The axiomatic method was considered (since Plato, Aristotle and Euclid) to be the best method to justify and to organize mathematical knowledge. The first mature and most representative example of its usage in mathematics were Elements of Euclid. They established a pattern of a scientific theory and a paradigm in mathematics. Since Euclid till the end of the 19th century, mathematics was developed as an axiomatic (in fact rather a quasi-axiomatic) theory based on axioms and postulates. Proofs of theorems contained several gaps – in fact the lists of axioms and postulates were not complete, one freely used in proofs various “obvious” truths or referred to the intuition. Proofs were informal and intuitive, they were rather demonstrations; and the very concept of a proof was of a psychological (and not of a logical) nature. Note that almost no attention was paid to the precization and specification of the language of theories – in fact the language of theories was simply the unprecise colloquial language. One should also note here that in fact till the end of the 19th century, mathematicians were convinced that axioms and postulates should be true statements. It seems to be connected with Aristotle’s view that a proposition is demonstrated (proved to be true) by showing that it is a logical consequence of propositions already known to be true. Demonstration was conceived here of as a deduction whose premises are known to be true, and a deduction was conceived of as a chaining of immediate inferences.
Basic concepts underlying the Euclidean paradigm have been clarified on the turn of the 19th century. In particular, the intuitive (and rather psychological in nature) concept of an informal proof (demonstration) was replaced by a precise notion of a formal proof and of a consequence. This was the result of the development of mathematical logic and of a crisis of the foundations of mathematics on the turn of the 19th century which stimulated foundational investigations.
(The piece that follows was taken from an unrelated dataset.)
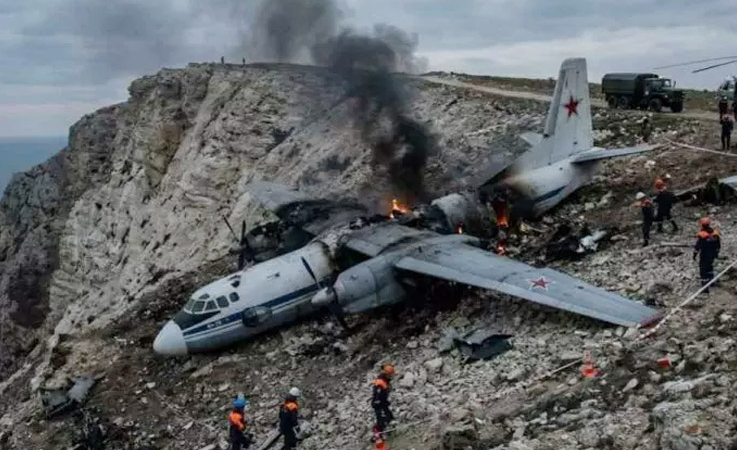 Rus Askeri Uçağı Kırım’da Düştü: 29 Kişi Hayatını Kaybetti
One of the directions of those foundational investigations was the program of David Hilbert and his Beweistheorie. Note at the very beginning that “this program was never intended as a comprehensive philosophy of mathematics; its purpose was instead to legitimate the entire corpus of mathematical knowledge” (cf. Rowe 1989, p. 200).Note also that Hilbert’s views were changing over the years, but always took a formalist direction.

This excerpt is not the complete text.